LNG operator ConocoPhillips has turned to Hadoop to put off upgrading more expensive parts of its data infrastructure.
The company, which has two existing liquefied natural gas (LNG) operations in northern Australia and a joint venture interest in the Australia Pacific LNG project, is also using public cloud as a sandbox to experiment with emerging data use cases.
Speaking at the Hadoop Summit 2016 in San Jose last week, ConocoPhillips’ director of analytic platforms Kelly Cook provided a rare insight into how under-pressure resources companies are spinning out what’s left of their IT budgets.
“We’re in an industry that’s in a terrible financial position right now because of the collapse in oil prices and the current economic situation, and so any time we can save or defer capital [expenditure], we’re doing something good for the business,” Cook said.
“What we’re seeing is Hadoop is a platform that offers us a way to defer capital expense for the larger traditional data warehouse platforms [we run].
“The primary use cases that we’ve looked at so far are things like ELT and ETL offload - basically using Hadoop as a less expensive alternative to the many jobs that are running in our data warehouse environments throughout the organisation, and a way to defer upgrades or expansion of those other platforms.”
Switching the company’s data infrastructure allegiance to Hadoop had already resulted in “tangible savings”, according to Cook.
It cost Cook just US$6000 (A$8039) to set up the Hadoop cluster.
“The way that we were able to get an initial investment in Hadoop was that we went down to the loading dock and we took a pallet of technical workstations that were going to be recycled,” he said in a separate presentation.
“We bought US$6000 worth of drives from CDW, found an end of a building that wasn’t being used and we built a Hadoop cluster in the cubes [office cubicles] of that building out of these technical workstations.
“We had the luxury of finding pretty sweet workstations that had 64GB of RAM and Xeon chips, and our initial 15-node cluster was able to process some internal data sets in minutes that people hadn’t been able to see before.

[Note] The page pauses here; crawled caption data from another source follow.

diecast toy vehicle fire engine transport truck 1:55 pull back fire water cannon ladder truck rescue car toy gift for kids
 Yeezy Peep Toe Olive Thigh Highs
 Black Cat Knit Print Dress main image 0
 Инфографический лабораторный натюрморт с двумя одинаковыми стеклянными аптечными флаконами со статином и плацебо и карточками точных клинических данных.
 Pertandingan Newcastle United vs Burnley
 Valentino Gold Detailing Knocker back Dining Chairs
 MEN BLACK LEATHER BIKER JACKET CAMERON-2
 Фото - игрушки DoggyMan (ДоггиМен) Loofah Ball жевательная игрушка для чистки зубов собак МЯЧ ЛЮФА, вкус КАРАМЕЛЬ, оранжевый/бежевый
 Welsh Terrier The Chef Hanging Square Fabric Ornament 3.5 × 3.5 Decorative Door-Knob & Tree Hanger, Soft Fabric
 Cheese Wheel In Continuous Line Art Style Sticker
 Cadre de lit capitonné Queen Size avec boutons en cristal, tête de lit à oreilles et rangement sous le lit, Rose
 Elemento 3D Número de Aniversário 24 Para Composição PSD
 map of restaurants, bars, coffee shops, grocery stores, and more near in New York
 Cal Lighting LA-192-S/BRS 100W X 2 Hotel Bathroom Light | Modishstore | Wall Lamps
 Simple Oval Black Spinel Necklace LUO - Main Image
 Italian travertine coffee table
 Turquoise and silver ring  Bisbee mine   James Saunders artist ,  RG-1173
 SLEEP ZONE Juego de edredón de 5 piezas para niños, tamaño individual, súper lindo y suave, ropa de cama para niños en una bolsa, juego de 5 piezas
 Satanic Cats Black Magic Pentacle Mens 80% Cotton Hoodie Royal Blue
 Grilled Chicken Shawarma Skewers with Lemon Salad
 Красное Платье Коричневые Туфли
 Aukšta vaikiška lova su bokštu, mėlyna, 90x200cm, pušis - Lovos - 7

“Demonstrating those kinds of successes at that financial level is the kind of attention you’re looking for.”
Expanding use cases
Cook indicated there was much more that ConocoPhillips could do with the platform.
“We’re [Hadoop] rookies,” he said. “We’re fairly new at this. The technology is pregnant with opportunity for us.”
He planned to turn Hadoop onto a range of “analytics, machine learning and … typical efficiency-type analysis” that has become a hallmark of the optimisation drives of many resources and industrial firms in recent years.
“With cost being the theme on everyone’s mind, we’re looking at literally anything and everything across the organisation that we can optimise, from supply chain assets to maintenance schedules to the operation of [oil] wells,” Cook said.
“Literally anything you can optimise is a candidate.”
Not all potential use cases for Hadoop are internally-driven: an increasing number are coming from engagements with technology vendors, Cook said.
“We’re starting to see a number of applications draw us to Hadoop,” he said. “In other words, vendors bring in applications where Hadoop is an underlying platform or an underlying platform requirement.”
Cook said ConocoPhillips was testing some of those potential use cases out in a cloud-based sandbox.
“You don’t want to test them out in your production [Hadoop] cluster or in your data lake,” he said.
“The cloud provides a perfect opportunity to run those trials, tests and proof-of-concept opportunities.”
Cook said the cloud provided the analytics team somewhere to try out new ideas and establish business cases before asking the business for money to fund them.
“When you come up with a new use case, and the business isn’t entirely sure how that’s going to impact your on-premises infrastructure and isn’t really ready to invest in expanding the infrastructure to support that use case, the cloud provides us with an opportunity to expand out that use case, develop it a little bit, see if there’s business value there, and then determine how to operationalise it at a later point in time,” he said.
Understanding open source
While ConocoPhillips introduced Hadoop to defer spend on traditional technologies, it faced some challenges from a user base that had become accustomed to the way the traditional technology vendors – and their solutions – worked.
“I think if I had it to do over again I would go back and spend some time helping people understand that we weren’t simply adopting yet another thing that holds data,” Cook said.
“Going back a couple of years [when we presented] Hadoop to the company, I and my team understood very well that we were becoming participants and partakers in an open source community.
“But when I presented the platform I think there were a lot of assumptions on the part of the people I presented the platform to. They just assumed it was like everything else they consumed from the typical big tech vendors - that it had a certain cycle of maturity, a certain level of interface and a certain slow progress. [But] it’s a very different paradigm.”
Cook said it had taken a “six month-ish” internal drive to win business support to invest in giving back to the Hadoop and open source communities.
“[In adopting Hadoop] we were becoming part of an open source community that supports an ecosystem of stuff that does an incredible amount of things for just a ridiculous value, and the more we invest, the more we get out,” Cook said.
“I think people have latched on now and appreciate the fact that being part of the open source community – even contributing back to it – is incredibly valuable for the enterprise.”